> _Activity_
Copy, word for word, the lines below from the one containing "FXR Pilot/Combat Goggle" up to and including the one containing "Play-doh star wars le speeder mandélorien", with pictures left out.

> _Dataset extract_

————

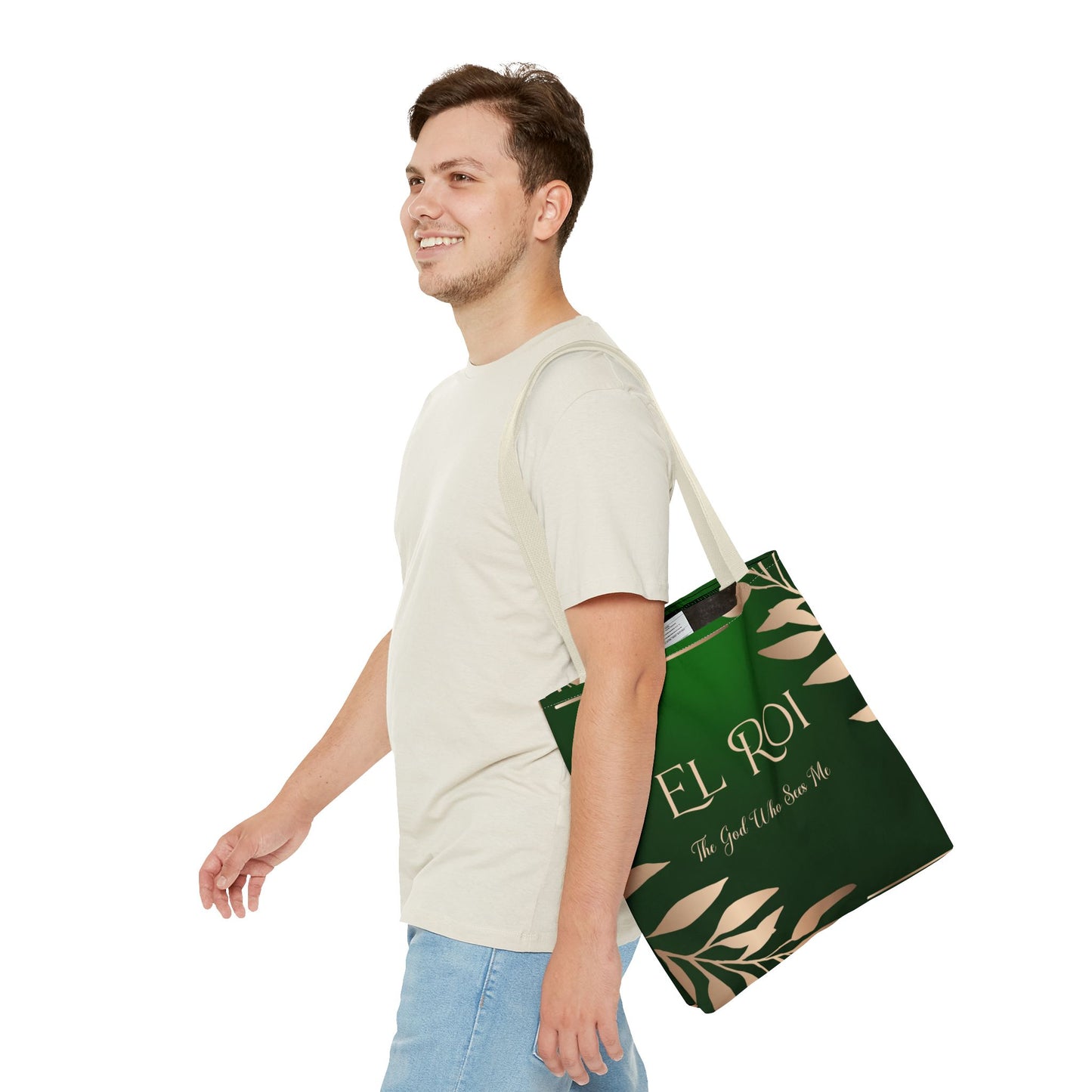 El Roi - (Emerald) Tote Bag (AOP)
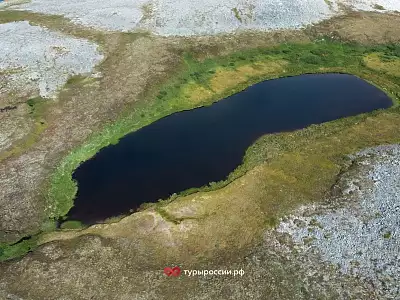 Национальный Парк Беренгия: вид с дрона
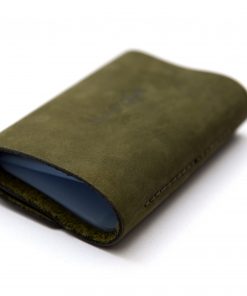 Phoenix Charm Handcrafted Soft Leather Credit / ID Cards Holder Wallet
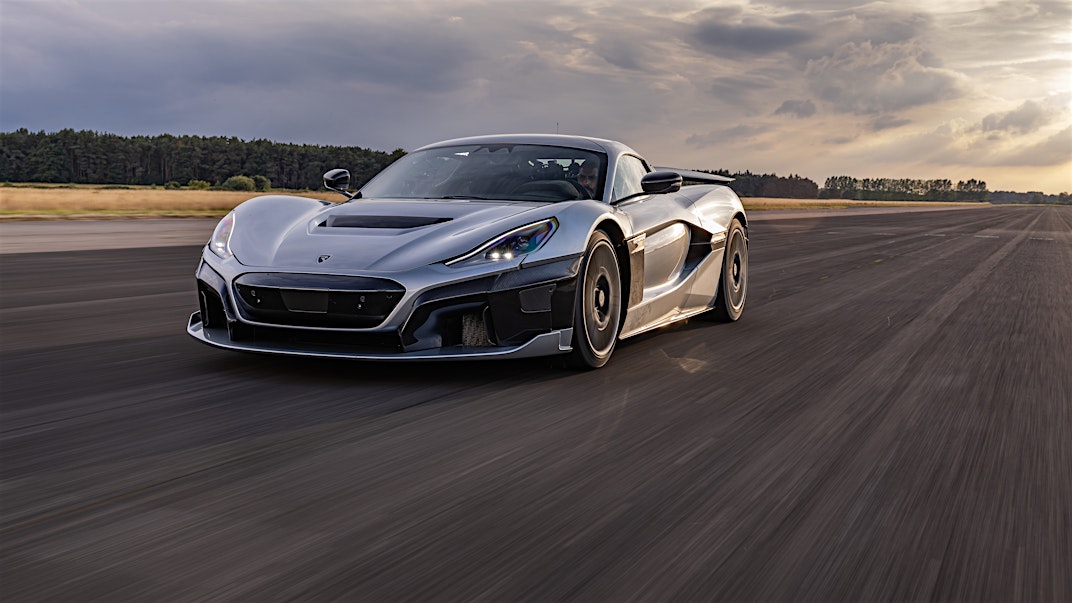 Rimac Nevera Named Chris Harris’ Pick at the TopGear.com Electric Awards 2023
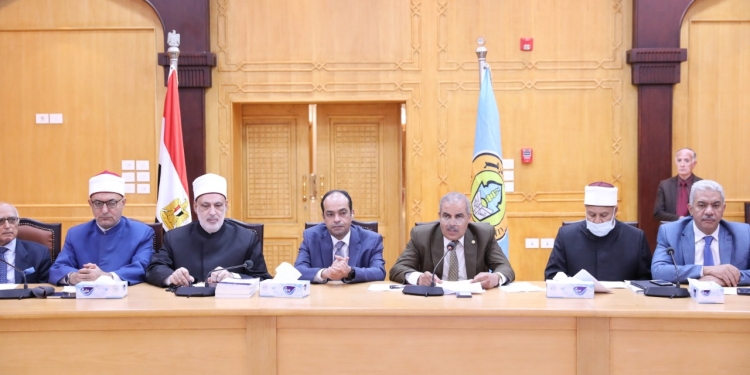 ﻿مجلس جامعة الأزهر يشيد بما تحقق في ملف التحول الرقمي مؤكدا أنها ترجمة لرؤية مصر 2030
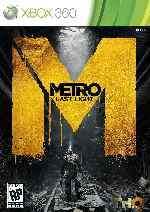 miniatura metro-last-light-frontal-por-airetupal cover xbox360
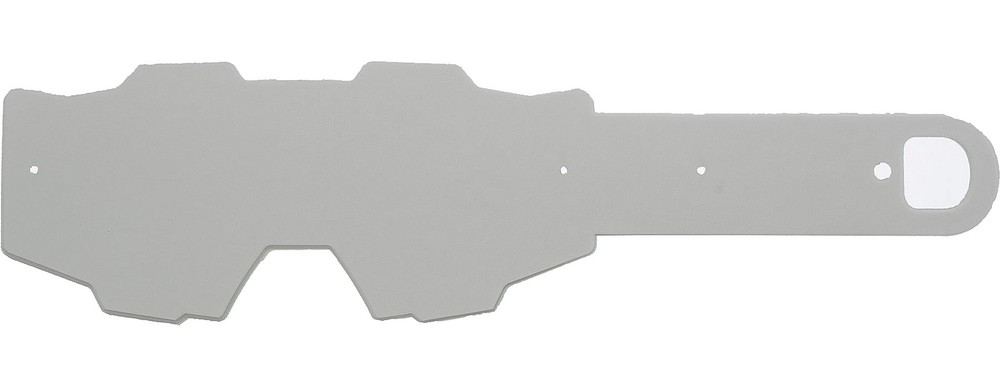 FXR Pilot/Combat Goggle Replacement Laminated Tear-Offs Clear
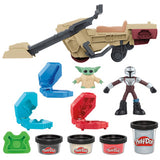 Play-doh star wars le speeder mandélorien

————

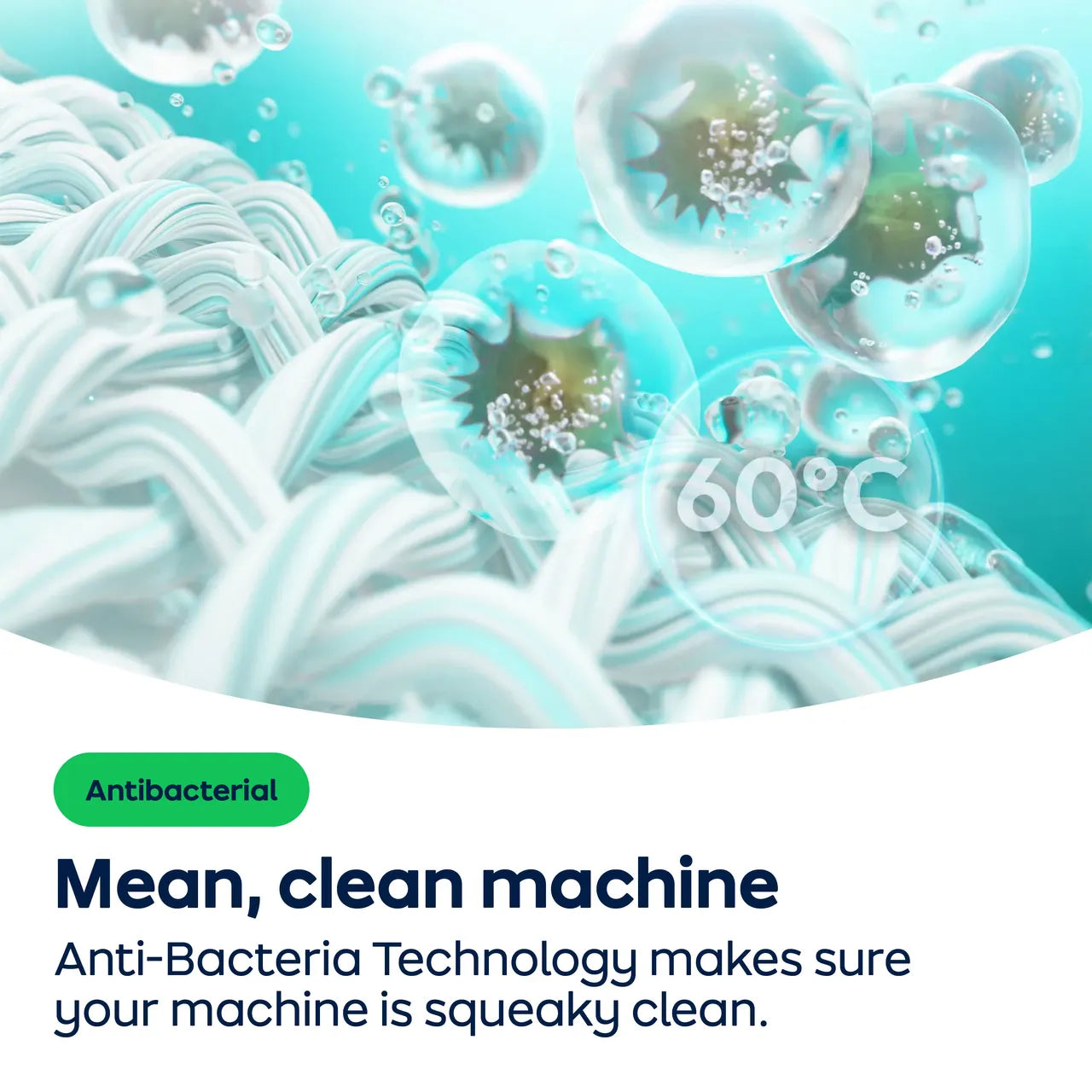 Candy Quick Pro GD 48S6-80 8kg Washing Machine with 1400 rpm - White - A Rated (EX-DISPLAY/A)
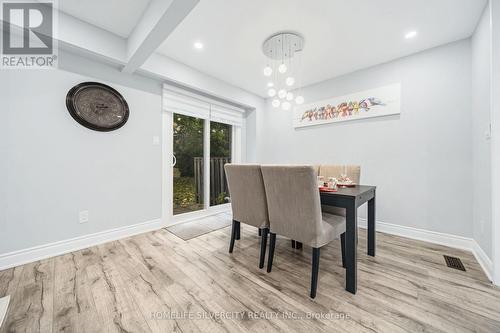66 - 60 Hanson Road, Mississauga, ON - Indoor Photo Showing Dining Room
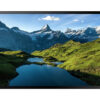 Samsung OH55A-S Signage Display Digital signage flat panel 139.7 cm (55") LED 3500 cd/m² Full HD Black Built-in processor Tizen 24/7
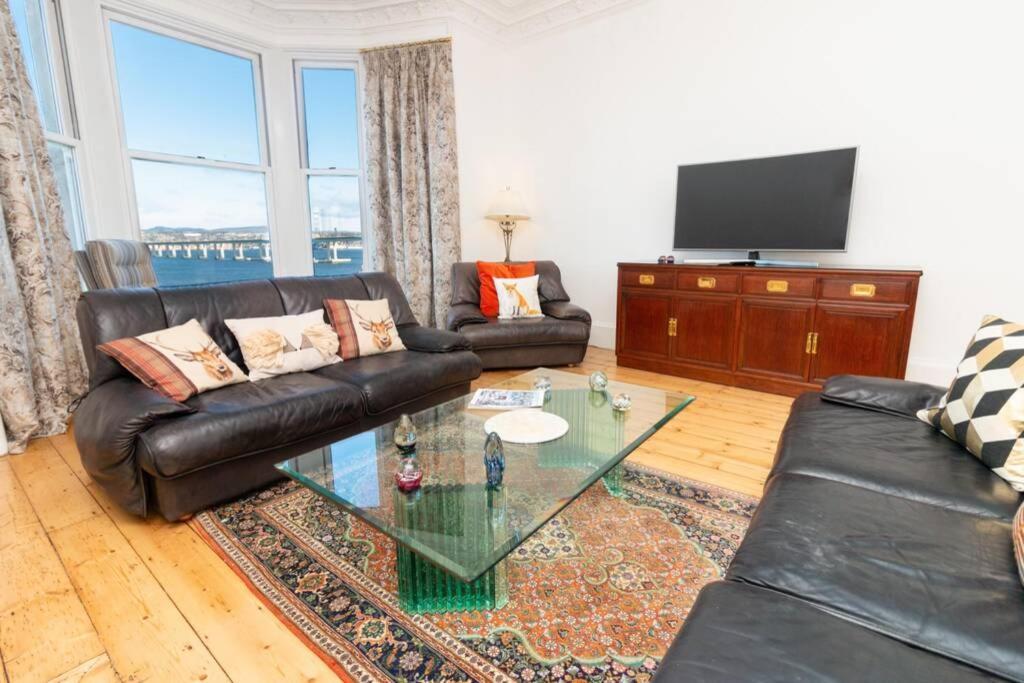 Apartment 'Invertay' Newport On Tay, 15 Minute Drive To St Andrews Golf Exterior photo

————

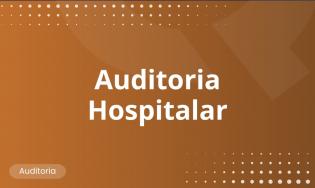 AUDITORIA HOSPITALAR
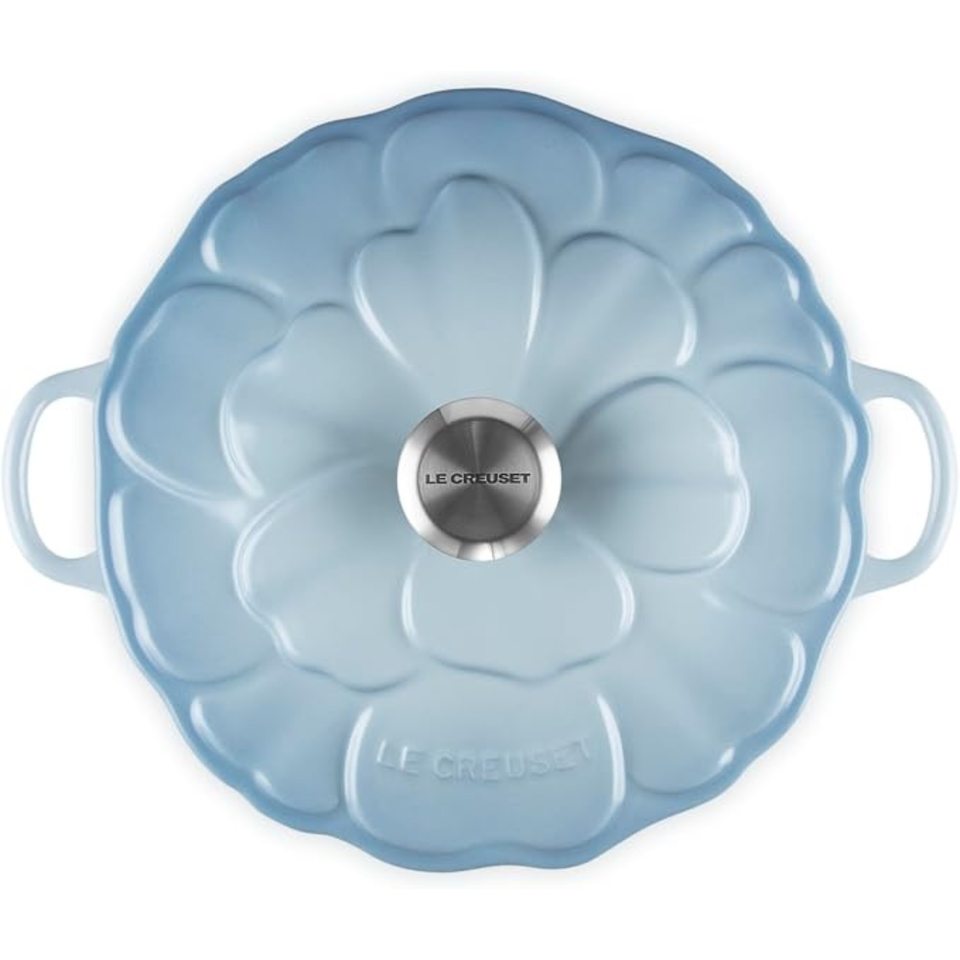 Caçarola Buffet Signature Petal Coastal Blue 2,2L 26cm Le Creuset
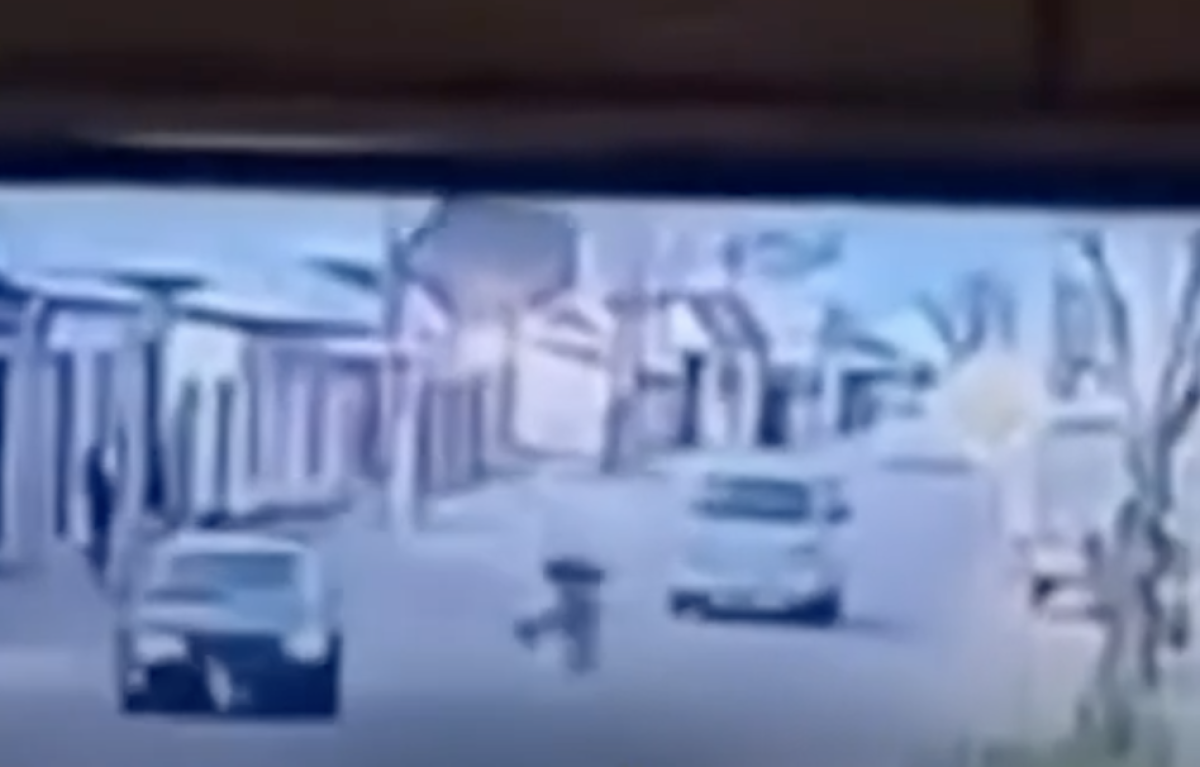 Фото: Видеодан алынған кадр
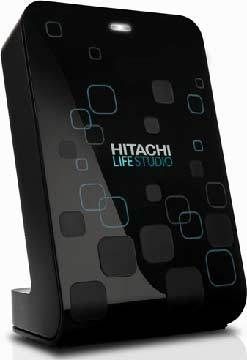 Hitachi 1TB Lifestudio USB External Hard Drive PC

————

> _Result_
 FXR Pilot/Combat Goggle Replacement Laminated Tear-Offs Clear
 Play-doh star wars le speeder mandélorien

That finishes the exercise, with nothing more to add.